Problems with the optimiser when resuming

I have a NN with 4 heads that I want to train one after the other.

After having trained 1 head, I save the net and I then want to resume the model, change the requires_grad of the already trained head and start training the next head but I get this error:
ValueError: loaded state dict contains a parameter group that doesn’t match the size of optimizer’s group

I get the same error even if the requires_grad is changed after having loaded the model.

I do not get any error if I do not make any change to requires_grad. Meaning that resume works fine.

The problem arises when I load the optimiser. The model can be loaded without problems.
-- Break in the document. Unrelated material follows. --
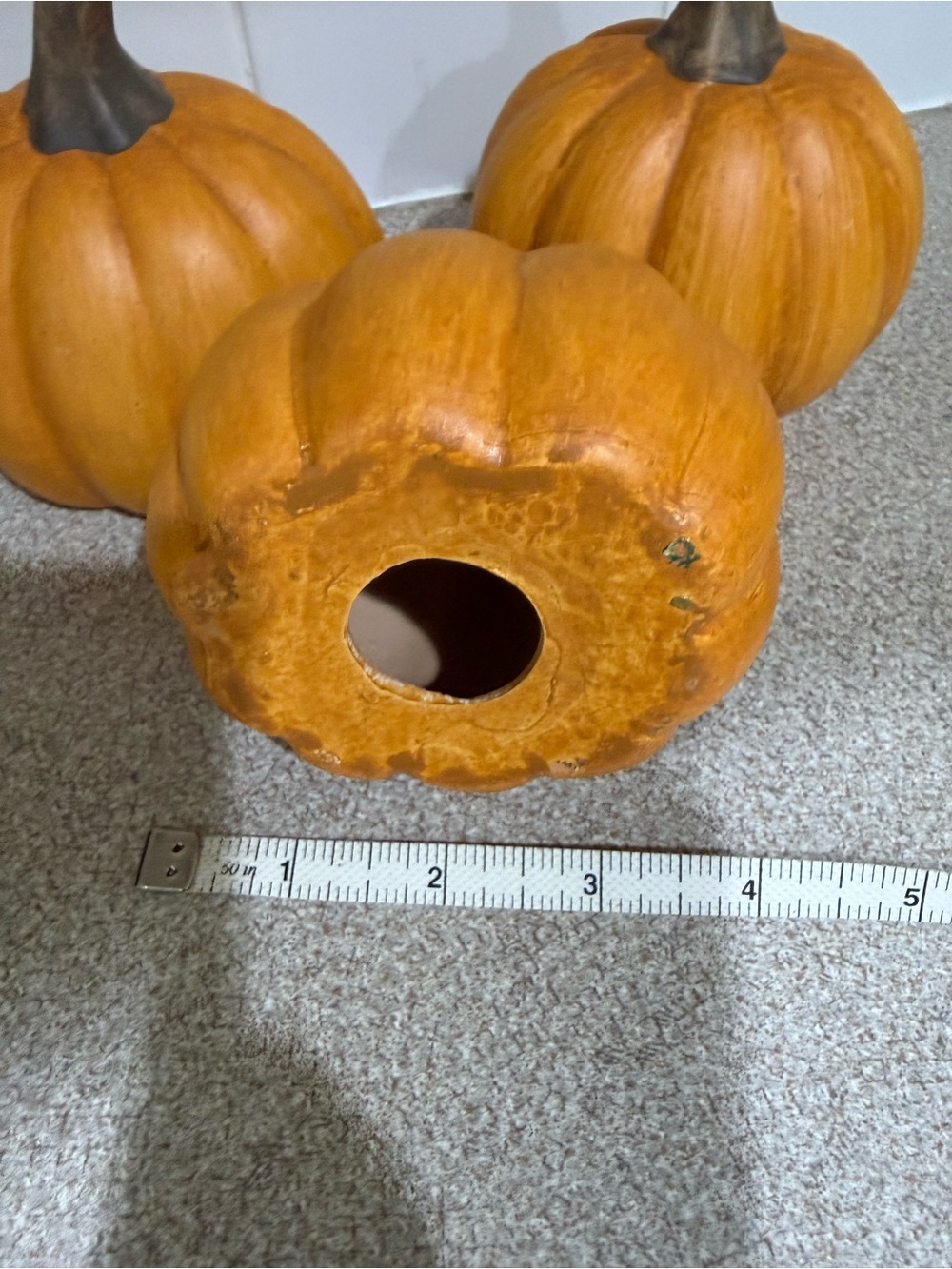 Thankful Blessed Grateful ceramic Pumpkin Trio - Orange Fall Decor NEW - Picture 8 of 10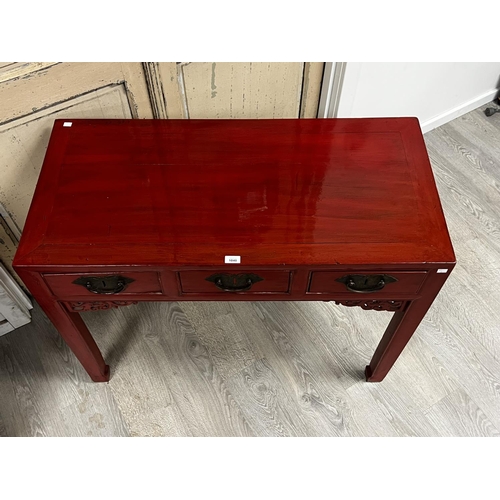 1040 - Chinese red lacquer three drawer desk or side table, fret work corners, ex Colefax and Fowler, appro...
Observe that the the Net structure never changes in time. It is the trainability of some layers that are switched.

How can I solve this problem?

Are you filtering the parameters based on their requires_grad attribute before passing them to the optimizer? Also, could you post an executable code snippet to reproduce this issue, as I’m currently unsure what might cause the error?

Hello, first of all thanks for helping.

My code is structured in this way:

  1. I initially create the net structure, with all param_grad=True by default
  2. depending on information on a config file I switch to False the param_grad of all heads but one. For instance the code to switch to False the heat map head is the following:
if config["trainable_heads"]["heatmap"] == False:
      enc_hm = map(lambda x: x[1],
                                  filter(lambda p: p[1].requires_grad and not ("backbone.decoder_delta" in p[0]),
                                         model.named_parameters()))
      for param in enc_hm:
          param.requires_grad = False 

I have 3 other identical snippet for the other 3 heads.

Then I train and save the net.
When I resume, I get the error, which only happens if I try to switch the trainable head. If I do not switch heads, the resume works perfectly.

An attempt I made is the following: before resuming from previous training, I set the layers of the network in the exact same trainability status as just before saving. I checked it was the case by comparing the name of all trainable parameters just before saving and just before resuming. The 2 list are indeed identical and as I would have expected. Which confuses me a lot.

The error is when I load the optimiser:

            self.model.load_state_dict(checkpoint['state_dict'])
            self.scheduler.load_state_dict(checkpoint['scheduler']) 
            self.optimizer.load_state_dict(checkpoint['optimizer'])

No error is raised in the first 2.

I cannot reproduce the issue using different work flows of freezing different sets of parameters:

model = models.resnet18()
for param in model.fc.parameters():
    param.requires_grad = False

optimizer = torch.optim.Adam(model.parameters(), lr=1e-3)

output = model(torch.randn(1, 3, 224, 224))
output.mean().backward()
optimizer.step()
optimizer.zero_grad()

torch.save(model.state_dict(), 'model.pt')
torch.save(optimizer.state_dict(), 'opt.pt')

# load plain model and optimizer
model = models.resnet18()
optimizer = torch.optim.Adam(model.parameters(), lr=1e-3)
model.load_state_dict(torch.load('model.pt'))
optimizer.load_state_dict(torch.load('opt.pt'))

# load model with same frozen parameters
model = models.resnet18()
for param in model.fc.parameters():
    param.requires_grad = False
optimizer = torch.optim.Adam(model.parameters(), lr=1e-3)
model.load_state_dict(torch.load('model.pt'))
optimizer.load_state_dict(torch.load('opt.pt'))

# load model with different frozen parameters
model = models.resnet18()
for param in model.conv1.parameters():
    param.requires_grad = False
optimizer = torch.optim.Adam(model.parameters(), lr=1e-3)
model.load_state_dict(torch.load('model.pt'))
optimizer.load_state_dict(torch.load('opt.pt'))

Thank you. I will go through my code once again. There must be some bug there.

Hello,

From what I see from your code, you always pass all networks parameters to the Adam optimizer, regardless requires_grad value of each of them.

I thought I had to pass to the optimiser only the trainable ones. This is incorrect, right?

Thanks for helping

You could filter them out before, if you like. As long as the .grad attributes aren’t filled in the frozen parameters, the optimizer won’t update them, but your approach would be more explicit.
Were you able to reproduce the issue using my code snippet and the filtering or any other addition to the code?